Capital Gain exemption if the amount is not deposited in Capital Gain Account Scheme


Capital Gain exemption if the amount is not deposited in Capital Gain Account Scheme



Investing the amount for purchase or construction of another house property is one of the most common modes adopted for saving tax on Long Term Capital Gain (LTCG). Exemption is admissible under section 54 & Section 54F of the Income Tax Act-1961. Section 54 provides exemption if gain arises from transfer of any residential house property whereas Section 54F does the same if it arises from transfer of any capital assets (other than residential house property).

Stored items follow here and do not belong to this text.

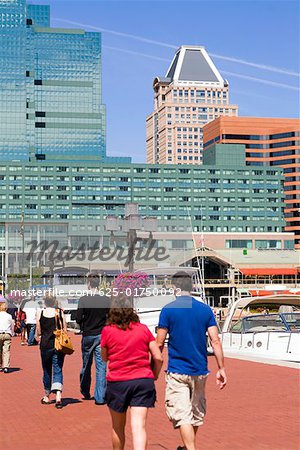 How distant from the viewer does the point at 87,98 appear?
7854 inches

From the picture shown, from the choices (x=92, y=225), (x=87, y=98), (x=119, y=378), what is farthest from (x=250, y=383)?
(x=87, y=98)

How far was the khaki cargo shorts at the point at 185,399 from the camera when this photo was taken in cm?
757

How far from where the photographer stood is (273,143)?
623 ft

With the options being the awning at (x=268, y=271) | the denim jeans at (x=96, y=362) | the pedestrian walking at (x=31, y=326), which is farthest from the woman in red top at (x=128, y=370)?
the awning at (x=268, y=271)

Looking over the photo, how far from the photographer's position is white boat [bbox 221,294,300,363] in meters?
21.4

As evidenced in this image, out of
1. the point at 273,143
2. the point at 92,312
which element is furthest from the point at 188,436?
the point at 273,143

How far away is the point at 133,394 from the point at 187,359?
817 mm

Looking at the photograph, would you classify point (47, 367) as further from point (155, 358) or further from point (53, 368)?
point (155, 358)

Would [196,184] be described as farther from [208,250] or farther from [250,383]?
[250,383]

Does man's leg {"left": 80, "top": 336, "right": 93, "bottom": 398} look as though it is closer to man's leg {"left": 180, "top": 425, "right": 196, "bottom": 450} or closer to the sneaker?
the sneaker

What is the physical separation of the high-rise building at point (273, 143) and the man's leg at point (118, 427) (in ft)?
589

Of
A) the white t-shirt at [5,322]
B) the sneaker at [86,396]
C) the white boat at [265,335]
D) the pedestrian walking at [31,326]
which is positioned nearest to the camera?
the sneaker at [86,396]

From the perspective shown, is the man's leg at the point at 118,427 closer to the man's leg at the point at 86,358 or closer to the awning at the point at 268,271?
the man's leg at the point at 86,358

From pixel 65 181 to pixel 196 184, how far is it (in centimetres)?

Under both the sections, capital gain is exempt if such gains are invested towards purchase or construction of a new residential house, within the specified time frame. The prescribed time frame for capital gain exemption is as under:

i] For purchase:

One year before or two years after the date of sale or transfer.

ii] For Constructions: 


Three years from the date of sale or transfer.


Income Tax Return (ITR) is to be filed within the due date even though there is a time period of 2 years/3 years for investment. To allow exemption, income tax law provides for investment in the “Capital Gains Account Scheme (CGAS)” if the taxpayer is unable to invest the amount before the due date of filing the ITR. This amount deposited in CGAS is subsequently required to be utilized for purchase/ construction of a new residential house within the time frame.

The question arises, whether exemption would still be admissible if the taxpayers doesn’t deposit the amount in CGAS but utilizes the amount directly for purchase or construction within a stipulated period of 2 or 3 years? Recently, Delhi bench of ITAT in the case of Sarita Gupta Vs. Pr. CIT [ITA No.1174/Del/2022] has held that mere non-deposit of the amount into the CGAS for the interim period cannot be the basis to decline the exemption claimed U/s 54. With this judgment widely getting circulated in various media, taxpayers are forming the perception that the deposit in CGAS is not mandatory and the exemption can be claimed by purchasing / constructing within a period of 2 or 3 years without investing it in the CGAS account during the interim period.



Earlier, similar views has been affirmed by Karnataka High Court in the case of CIT Vs. Ramachandra Rao 56 163 & Madras High Court in Venkata Dilip Kumar Vs. CIT 111 180 (Mad) wherein the courts have held that the legislative intent behind Section 54 as well as Section 54F of the Income Tax Act, 1961 is to promote housing. Both the sections allow exemption to an Individual / HUF, who reinvest the amount for purchase or construction of a Residential House and deposit in CGAS is merely a procedural requirement. If substantive compliance by purchase / construction is done, it would be enough to warrant the exemption.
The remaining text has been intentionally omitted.